In the old days of 2D computer games, graphics were drawn on screen using sprites. As games and their graphics got more complex, memory and speed issues began to surface, and as a result a technique using sprite maps was invented, which would place all animations for a character into one image, and then use mapped positions to display the correct frame of animation at any time. So can the same method be applied to websites, and what are the advantages?

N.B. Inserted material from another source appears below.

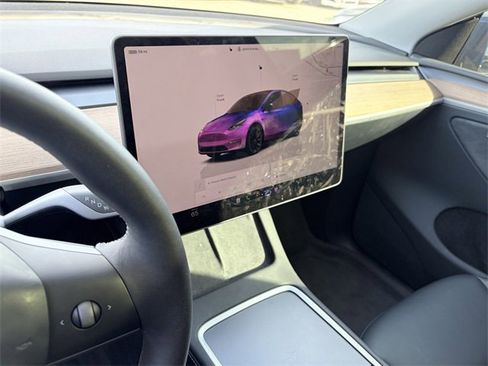 Used 2023 Tesla Model Y Long Range image 10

Having a website with many images can have a large overhead on loading times with the browser having to request each image individually from the server. Placing multiple graphics into the same image file would mean there would only be one request to the server. It’s natural to think that increasing the image dimension would actually mean it would incrementally increase the file size too; but one image means that there is only one colour table, one set of meta properties and also your image software may be able to match patterns between the two images and reduce file size during compression.
The technique of placing multiple images into one image file is known as ‘CSS Sprites’, and it can be very useful for smaller icon sets and for buttons where you need to quickly load the hover state graphic.
Using a button as an example, potentially you could require an image for multiple states. For this example we’ll use the image in the post with the following three states:
- a normal button
- a hover button
- a disabled button
By producing one image, we have reduced the number of calls to the server by a third. We can then use CSS to switch between the different image states. In this CSS example, our three buttons are 25 pixels high each.
.button { background:url(images/button.jpg) no-repeat 0 0 }
.button:hover { background-position:0 -25px }
.button:disabled { background-position:0 -50px }
Go have a look at a website you’ve created in YSlow, and look at the ways CSS sprites could help you speed things up a little.